Work request: Please give the count of lines in the listing underneath that hold "surrounded", leaving out everything else.

Extracted records:
※

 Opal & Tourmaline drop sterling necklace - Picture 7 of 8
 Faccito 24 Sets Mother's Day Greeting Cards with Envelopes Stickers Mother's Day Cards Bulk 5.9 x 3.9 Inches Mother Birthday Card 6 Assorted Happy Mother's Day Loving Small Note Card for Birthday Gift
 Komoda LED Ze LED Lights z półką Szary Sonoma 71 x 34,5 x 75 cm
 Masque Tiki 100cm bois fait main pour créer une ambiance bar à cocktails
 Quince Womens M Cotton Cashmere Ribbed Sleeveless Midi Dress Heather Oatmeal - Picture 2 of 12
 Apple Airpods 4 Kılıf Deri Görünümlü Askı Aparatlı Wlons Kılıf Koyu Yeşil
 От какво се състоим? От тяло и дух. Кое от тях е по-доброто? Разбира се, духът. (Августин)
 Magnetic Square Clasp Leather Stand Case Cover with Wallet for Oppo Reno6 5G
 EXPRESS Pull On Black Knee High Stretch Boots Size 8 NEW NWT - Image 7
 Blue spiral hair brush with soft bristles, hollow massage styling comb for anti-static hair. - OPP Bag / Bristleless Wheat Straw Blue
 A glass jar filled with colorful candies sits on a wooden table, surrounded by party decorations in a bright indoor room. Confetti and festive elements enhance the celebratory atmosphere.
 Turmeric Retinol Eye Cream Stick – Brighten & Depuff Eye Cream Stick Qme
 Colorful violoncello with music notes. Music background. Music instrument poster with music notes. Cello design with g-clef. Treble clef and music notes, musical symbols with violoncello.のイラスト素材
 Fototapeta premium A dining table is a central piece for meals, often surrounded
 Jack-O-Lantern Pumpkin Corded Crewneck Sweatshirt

※

Answer for this exercise: 2